SUPPLEMENTAL FINANCIAL INFORMATION
KEY OPERATING METRICS
(In thousands of U.S. dollars)
Key Business Metrics 

We monitor the following key business metrics to help us evaluate our business, identify trends affecting our business, formulate business plans, and make strategic decisions.

The tables below reflect period-over-period changes in our key business metrics, along with the percentage change between such periods. We believe the following business metrics are useful in evaluating our business:

Three Months Ended
Dollars in thousandsDecember 31, 2024September 30, 2024Change% Change
MARKETPLACE SOLUTIONS
Trades646 680 (34)(5)%
Volume$298,539 $338,075 $(39,536)(12)%
Net Take Rate2.8 %2.6 %0.2 %%
Marketplace revenues, less transaction-based expenses$8,434 $8,640 $(206)(2)%

Year Ended December 31,
Dollars in thousands20242023Change% Change
MARKETPLACE SOLUTIONS
Trades2,762 1,756 1,006 57 %
Volume$1,325,470 $765,899 $559,571 73 %
Net Take Rate2.8 %3.3 %(0.5)%(15)%
Marketplace revenues, less transaction-based expenses$36,988 $25,359 $11,629 46 %

Trades are defined as the total number of orders executed by us on behalf of private investors and shareholders. Increasing the number of orders is critical to increasing our revenue and, in turn, to achieving profitability.

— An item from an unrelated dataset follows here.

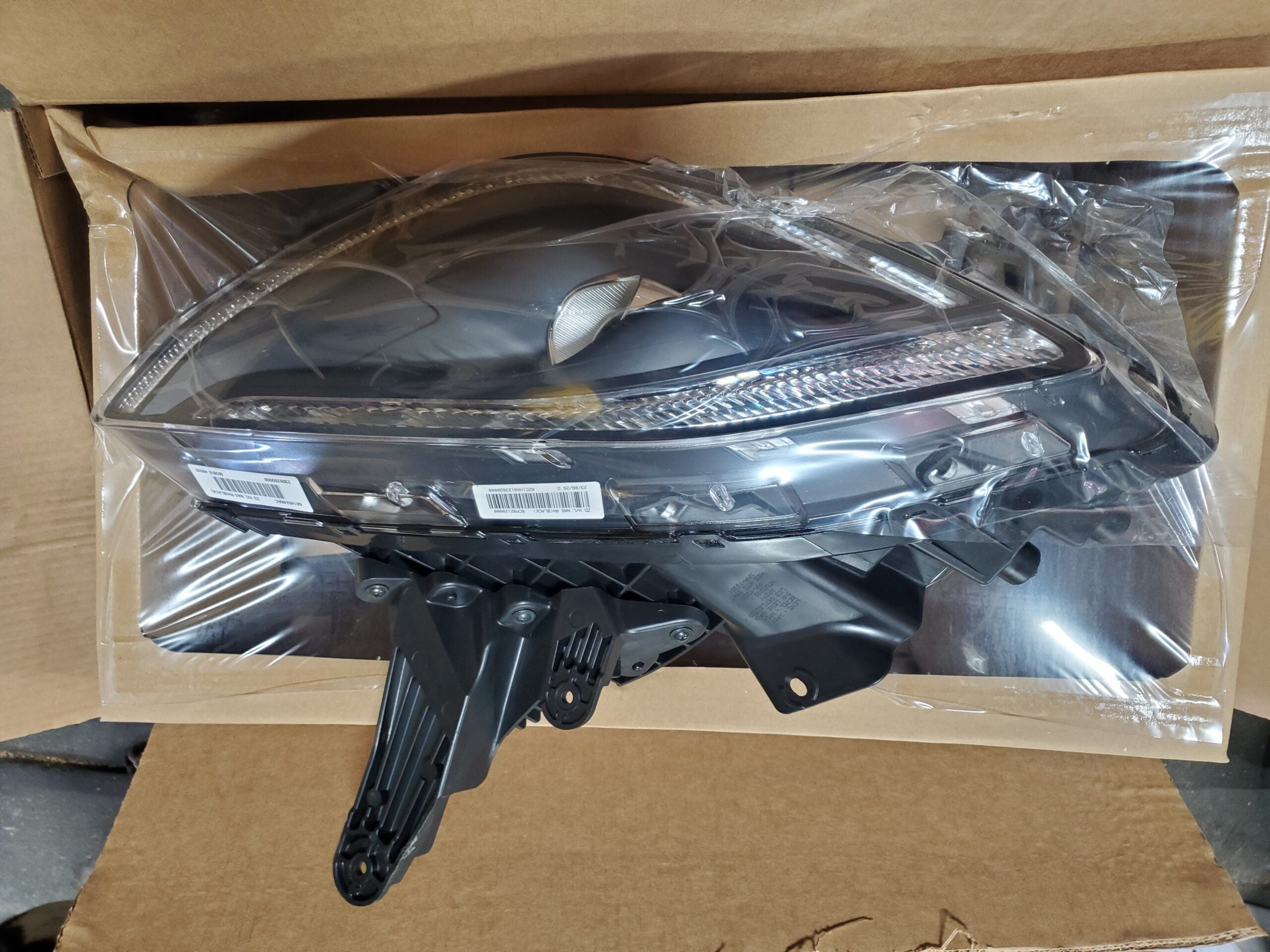 Gen.5 NEW RH Headlight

Volume is defined as the total sales value for all securities traded through our Forge marketplace, which is the aggregate value of the issuer company’s equity attributed to both the buyer and seller in a trade and as such a $100 trade of equity between buyer and seller would be captured as $200 volume for us. Although we typically capture a commission on each side of a trade, we may not in certain cases due to factors such as the use of a third-party broker by one of the parties or supply factors that would not allow us to attract sellers of shares of certain issuers. Volume is influenced by, among other things, the pricing and quality of our services as well as market conditions that affect private company valuations, such as increases in valuations of comparable companies at IPO.

Net Take Rates are defined as our marketplace revenues, less markets-related transaction-based expenses, divided by Volume. These represent the percentage of fees earned by our marketplace on any transactions executed from the commission we charged on such transactions less transaction-based expenses, which is a determining factor in our revenue. The Net Take Rate can vary based upon the service or product offering and is also affected by the average order size and transaction frequency.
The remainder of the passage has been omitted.